In the insertion stage, the identifiers are sequentially inserted to the index buckets without loss of data confidentiality. We first introduce secure multiple choice hashing to balance the index load, and then combine it with random open addressing to handle the LSH imbalance. Moreover, we apply cuckoo hashing to build a very compact index. For security and correctness, those techniques are realized by utilizing different PRFs.

It is known that multiple choice hashing provides multiple positions for each inserted item so as to achieve load balance. It can be naturally extended in LSH indices [10, 16, 19], i.e., l composite LSH functions \(\{g_1, \cdots , g_l\}\) are associated with l hash tables \(\{T_1, \cdots , T_l\}\) respectively. The record identifiers are inserted into those hash tables which are indexable by LSH hash values. Given a record D, the bucket of its identifier A is determined by \(lshV(D) = \{v_1, \cdots , v_l\},\) where \(v_j = g_j(D)\). Yet, such procedure does not consider security. Because LSH functions are not the cryptographic hash function, D could be leaked from where it is stored. Thus, we use PRF to protect lshV(D): \(\{P(K_1, v_1), \cdots , P(K_1, v_l)\}\) shown at Stage 2.b of \(\mathsf {Build}\) function in Fig. 1, where P is PRF. The transformed hash values are now used to find available buckets.

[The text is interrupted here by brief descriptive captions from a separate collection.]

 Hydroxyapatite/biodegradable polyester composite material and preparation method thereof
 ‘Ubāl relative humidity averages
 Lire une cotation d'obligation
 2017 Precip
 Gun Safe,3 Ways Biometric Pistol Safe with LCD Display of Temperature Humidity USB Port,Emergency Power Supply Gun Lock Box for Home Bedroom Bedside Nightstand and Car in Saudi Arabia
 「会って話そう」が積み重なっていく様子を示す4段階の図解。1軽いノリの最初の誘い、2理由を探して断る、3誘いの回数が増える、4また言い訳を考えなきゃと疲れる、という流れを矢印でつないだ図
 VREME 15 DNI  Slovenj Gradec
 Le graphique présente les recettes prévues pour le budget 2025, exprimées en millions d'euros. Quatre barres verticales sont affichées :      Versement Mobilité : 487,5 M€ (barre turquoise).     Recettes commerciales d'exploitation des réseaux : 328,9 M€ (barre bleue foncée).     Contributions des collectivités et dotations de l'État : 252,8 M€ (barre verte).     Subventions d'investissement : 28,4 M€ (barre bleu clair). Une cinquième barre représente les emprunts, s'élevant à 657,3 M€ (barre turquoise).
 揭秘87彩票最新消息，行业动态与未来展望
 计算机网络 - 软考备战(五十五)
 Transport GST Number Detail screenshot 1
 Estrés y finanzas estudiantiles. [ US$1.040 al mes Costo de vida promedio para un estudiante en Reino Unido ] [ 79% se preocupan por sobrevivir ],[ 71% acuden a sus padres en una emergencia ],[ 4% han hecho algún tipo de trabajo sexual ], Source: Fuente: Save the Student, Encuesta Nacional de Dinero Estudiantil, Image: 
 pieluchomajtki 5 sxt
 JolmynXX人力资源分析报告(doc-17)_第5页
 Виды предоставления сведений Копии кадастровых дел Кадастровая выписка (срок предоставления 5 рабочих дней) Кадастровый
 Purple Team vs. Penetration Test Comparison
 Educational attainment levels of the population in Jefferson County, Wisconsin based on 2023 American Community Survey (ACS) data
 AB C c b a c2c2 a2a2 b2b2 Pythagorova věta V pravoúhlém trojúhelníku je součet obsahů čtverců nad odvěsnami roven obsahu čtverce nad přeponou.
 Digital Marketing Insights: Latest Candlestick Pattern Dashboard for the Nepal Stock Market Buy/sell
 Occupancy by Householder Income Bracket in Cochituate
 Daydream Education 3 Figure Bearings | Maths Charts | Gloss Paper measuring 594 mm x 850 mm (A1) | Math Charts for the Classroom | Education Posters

We note that such treatment is also seen in prior works [15, 20]. Besides, multiple choice hashing can eliminate redundancy compared to the inverted index. It is not necessary to store all l copies for each identifier to have good search accuracy. This advantage enables flexible approximate algorithms to make a trade-off between efficiency and accuracy [10, 16, 19]. In our case, we pursue practical efficiency at large scale and store a single copy of each identifier to achieve O(n) space complexity. The size of index only scales with the number of data records.

Secure multiple choice hashing balances the load of index, but it might still not provide sufficient vacant buckets to handle the imbalance of LSH, i.e., a large number of records matched with the same LSH hash value could readily exist. One straightforward solution is to introduce more bucket choices by adding more hash tables, but accessing a large number of hash tables will degrade the performance. Therefore, we adopt open addressing to resolve LSH collisions [10, 16]. The key idea is to seek a number of alternative buckets within each hash table. But applying basic mechanisms of open addressing will disclose the locality of similar records. For example, if linear probing is used, the server will learn that similar records are placed next to each other. To hide such information, a probing sequence should be scrambled. Thus, we utilize random probing to generate a random probing sequence, \(\{G(K^1_{v_j}, 1), \cdots , G(K^1_{v_j}, d)\}\), where \(K^1_{v_j}\) denotes the transformed LSH hash value \(P(K_1, v_j)\), G is PRF, and d is the probing step.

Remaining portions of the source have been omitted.